Retype word for word the stretch of entries below from the line that has "Кабель USB <-->" through the line that has "Botas de Cuero", and omit the pictures.

» Data provided:

=== Begin Enclosure ===

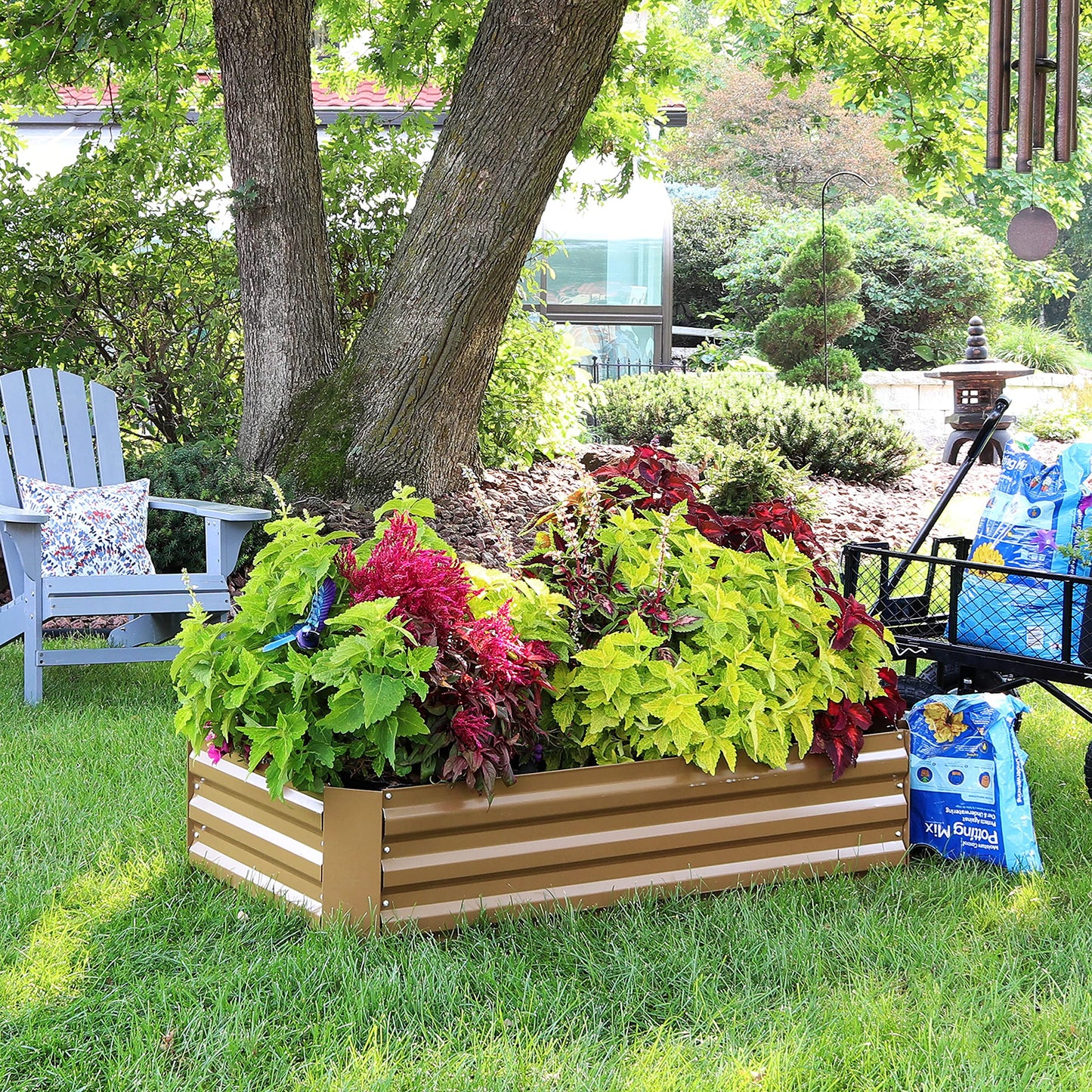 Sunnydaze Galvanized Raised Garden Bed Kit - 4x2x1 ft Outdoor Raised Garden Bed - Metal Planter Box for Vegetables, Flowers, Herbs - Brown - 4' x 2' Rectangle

=== End Enclosure ===
=== Begin Enclosure ===

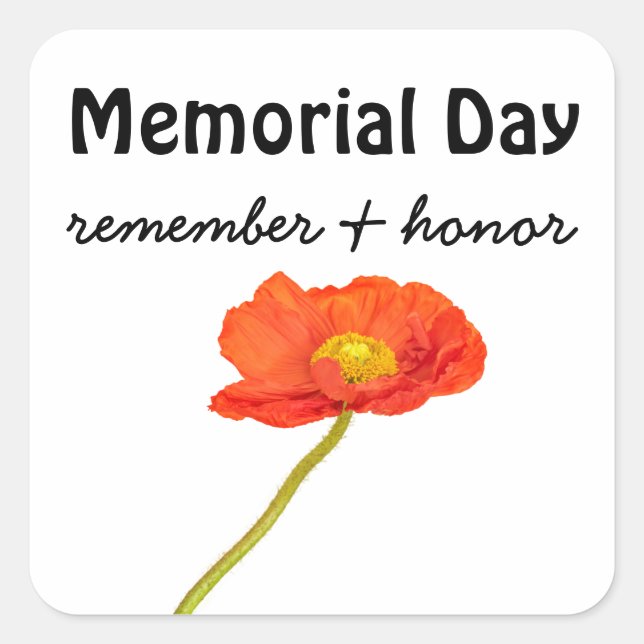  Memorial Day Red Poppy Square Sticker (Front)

=== End Enclosure ===
=== Begin Enclosure ===

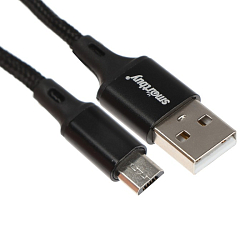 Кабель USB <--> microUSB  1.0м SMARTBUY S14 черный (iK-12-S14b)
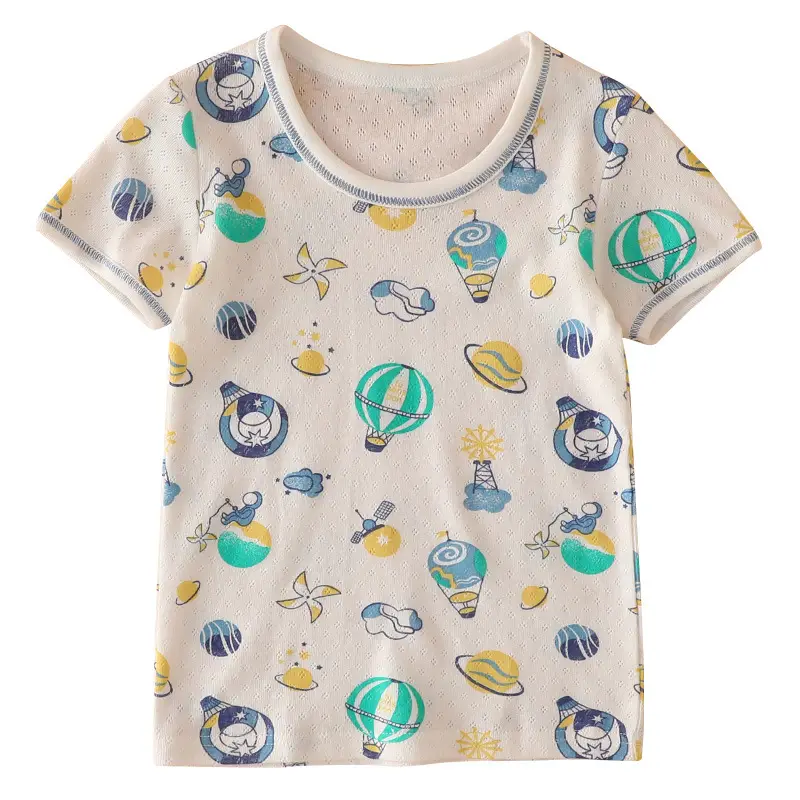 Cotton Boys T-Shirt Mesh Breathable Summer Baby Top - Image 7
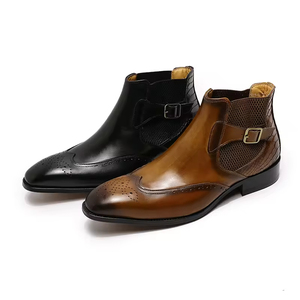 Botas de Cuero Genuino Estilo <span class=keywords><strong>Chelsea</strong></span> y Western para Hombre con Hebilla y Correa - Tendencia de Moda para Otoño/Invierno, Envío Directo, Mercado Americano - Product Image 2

=== End Enclosure ===

» Exercise response:
 Кабель USB <--> microUSB  1.0м SMARTBUY S14 черный (iK-12-S14b)
 Cotton Boys T-Shirt Mesh Breathable Summer Baby Top - Image 7
 Botas de Cuero Genuino Estilo <span class=keywords><strong>Chelsea</strong></span> y Western para Hombre con Hebilla y Correa - Tendencia de Moda para Otoño/Invierno, Envío Directo, Mercado Americano - Product Image 2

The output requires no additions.